This will overwrite the existing TclVec.C and TclCommands.C source files because SEEKR requires adaptations of the NAMD code. Trust us... we know what we're doing ;)

Next, copy over the script that you will use to build charmrun, which NAMD needs to run on a parallel system like Stampede. Do so using this command:

  cp /(path to)/SEEKR/namd/build_namd.bash ./

View the script if you want, and modify the variables at the top as you see fit. The $WORKDIR variable is where the program is downloaded and compiled.

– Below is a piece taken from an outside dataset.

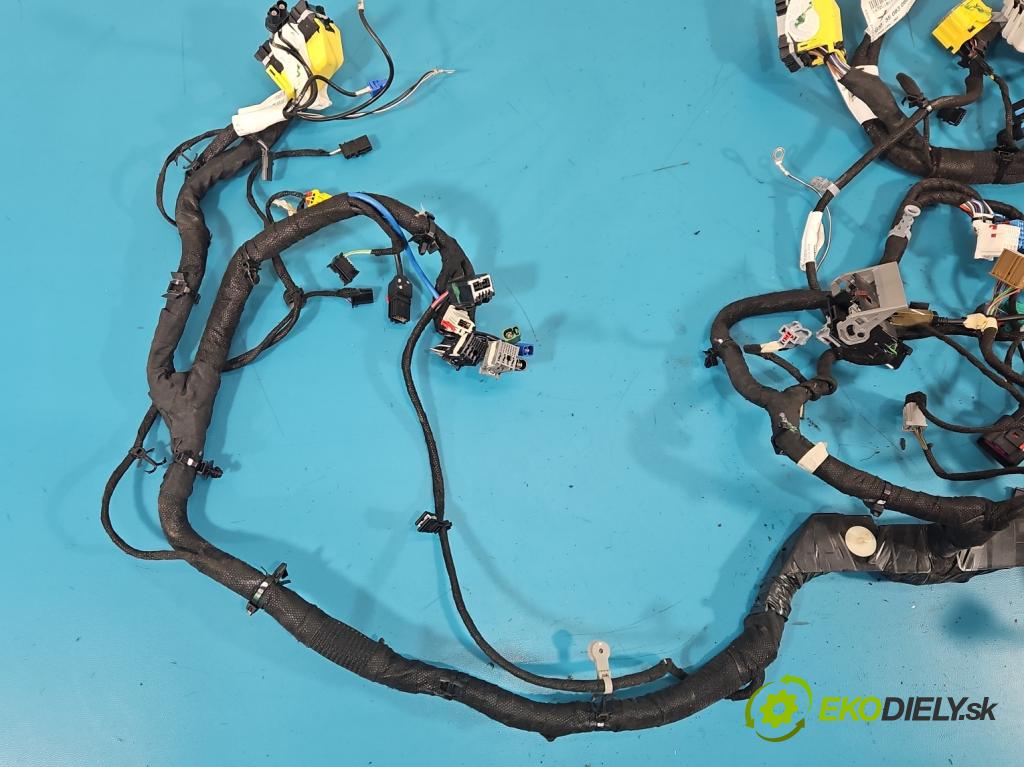 Opel Insignia B 2017-2022 2.0 cdti 209KM automatic 154 kW 1956 cm3 5- Balíček: desky: přístrojová deska: 35083088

Then the $HOMEDIR variable is actually where the final program will be placed. Run using this command:

  bash build_namd.bash

This script will probably run for a long time (about an hour). In fact, if it stops instantly, check the output for errors because it probably didn't work, even if it says it worked. If you have trouble, try copying the charm-6.7.0 tarball from the SEEKR/namd directory:

  cp /(path to)/SEEKR/namd/charm-6.7.0.tar $WORK/charm-6.7.0-verbs-linux-x86_64-iccstatic

Then run this command:

  tar -xf $WORK/charm-6.7.0-verbs-linux-x86_64-iccstatic/charm-6.7.0.tar

Then go into the build_namd.bash script and remove or comment out the line that begins with 'wget'. Then re-run the script.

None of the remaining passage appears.